I bought some Adidas Cross Trainers, and they ended up gripping a little better than my Circa's, grip better in dirt hikes, and ended up being a lot lighter in weight.


----------



## Margaritaman (Aug 25, 2008)

I bought a pair of 661s off Fleabay for $30. Worn once. The difference is that they have a stiff sole which makes it easier to pedal.


----------



## pcordon (Sep 22, 2008)

I use Reeboks Skye Peak. These are walking shoes with very good grip. They work great on platform pedals and they also get the job done whenever you have to push/carry your bike on steep terrains.


----------



## cyrix (Jan 29, 2008)

Here you go: https://www.zappos.com/images/741/7418921/8521-642536-d.jpg

The DC AT-2 shoes. Sure those colors in that image are pretty much a fruit roll up....but you, of course, can get them in other colors and they work amazing well. For color advice, well I personally went and found a pair with pink and mango. I mean what's more manlier than pink and mango. Except of course something darker than black, oh...that and oiled up grecco man on man wrestling.


----------



## azn (Jan 30, 2008)

+1 as well for the skate shoes.

i have a pair of adios. sticky as hell


----------



## romar (Sep 16, 2006)

Modena said:


> Five Ten's. Not the cheapest platform shoes, but worth every penny imo.
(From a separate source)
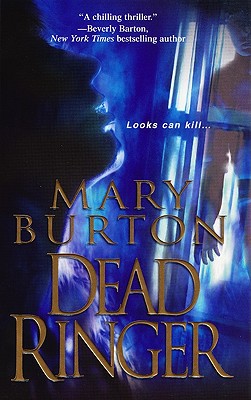 Dead Ringer - Burton, Mary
+1. I've tried skate shoes and they do work well, but not nearly as good as the Five Ten Impacts.


----------



## musky (Jul 21, 2007)

I rock Adios as well. Great shoes!


----------



## Groffball (Jun 7, 2008)

I wear spikeless golf shoes 

No but seriously the rubber on the bottom is super grippy and and the tread conforms to anything. As I wear the tread down a bit they grip even better on my platforms.
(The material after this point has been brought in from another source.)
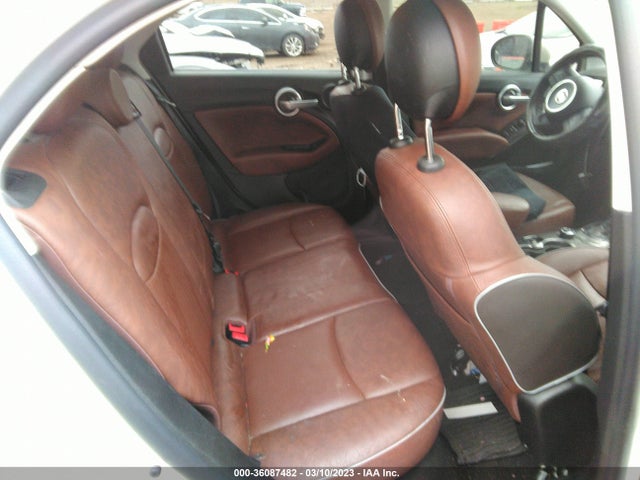 2017 Fiat 500X, VIN: ZFBCFYDB9HP517146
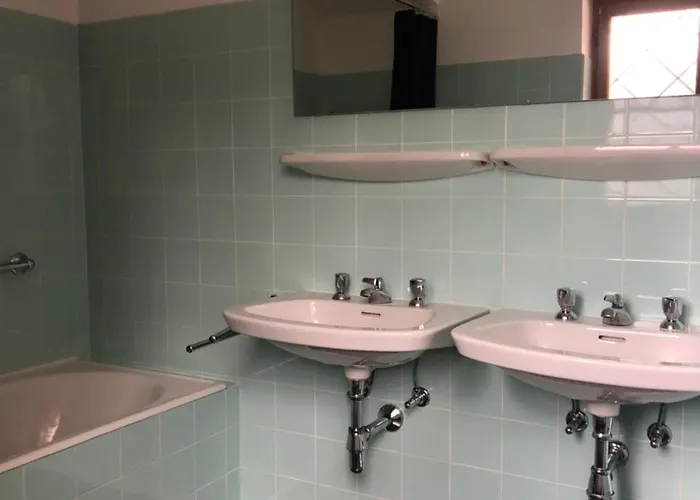 Casa de Férias Haus Am Berg Kitzbühel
I operate a golf course as my career so golf equipment is usually attained free of charge so I figured I'd give them a try and they seem to work well


----------



## Vmax911 (Sep 17, 2008)

I found some Avia's on clearance at sears for $25. They are considered a "hiking" shoe, thus waterproof and have soft rubber grip soles. I'm actually suprised how well they hold my platforms!


----------



## spazzy (Aug 15, 2004)

i 2nd a pair of dcs, if you can get a pair with the DC "pill pattern" they stick nearly as well as a pair of 5.10s i use the dcs and ive only been shaken off the pedals once or twice in 3ish years ive been on the dcs


----------



## glahnb (Jul 17, 2008)

I've been using vans. I find a pair on clearance for $10. Don't hold up very well though, I'm on my third pair in under a year. I'm thinking of going clipless now.


----------



## djevox (Jul 18, 2008)

I use vans signature skate shoe.


----------



## lyndonchen (Nov 8, 2007)

Fibula said:


> What type of shoes do you platform guys use?
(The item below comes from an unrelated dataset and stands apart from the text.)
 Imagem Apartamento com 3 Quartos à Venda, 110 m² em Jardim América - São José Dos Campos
A lot of pro downhillers wear Five.Ten Impacts, if that helps any. The rubber sole is super sticky, and stiff for comfortable pedaling.


----------



## LongviewTx (Aug 9, 2007)

*Adidas Absolado Indoor Soccer Shoes*

Look here:

http://www.soccer.com/IWCatProductPage.process?Merchant_Id=1&N=4294960675 594&Product_Id=320157

The sole is a very durable rubber but with very good adhesion and very high wear resistence. I use several differnt pairs but all are similar or identical to the link provided. The shoe has a "low profile" sole which makes feeling the pedal better than skater design shoes.

Second benefit is the external surface is very durable and cleans up easily. Very water repellent outer surface and they are light weight shoe.

I think they make the *perfect* platform-pedal shoe. The Absolado design is superior to the samba design mentioned in an above post. Try a pair and you won't be disappointed.


----------



## Funk#49 (Jul 4, 2008)

spazzy said:


> i 2nd a pair of dcs, if you can get a pair with the DC "pill pattern" they stick nearly as well as a pair of 5.10s i use the dcs and ive only been shaken off the pedals once or twice in 3ish years ive been on the dcs


3rd

Skate shoes are available cheap this time of year -- well, if you're in a northern climate anyway. I got a nice pair of DC Pures for ~$30. Good looking too. I wore them around until they got all mucked up from riding.


----------



## holycrikey (Sep 7, 2008)

I've used Etnies and Vans (but I definitely prefer Etnies). Both brands have a variety of soles that are soft and sticky enough to work with platforms.


----------



## twowheelsdown2002 (Oct 26, 2004)

*5-10 shoes are very good.*

You will probably find more platform riders on 5-10's than any shoe out there. Very good grip and they wear well.


----------



## 006_007 (Jan 12, 2004)

My first pair of five tens wore out after 3 years of abuse. Picked up a new pair last week - love the stiffer sole vs the old model. Well worth the $$$.


----------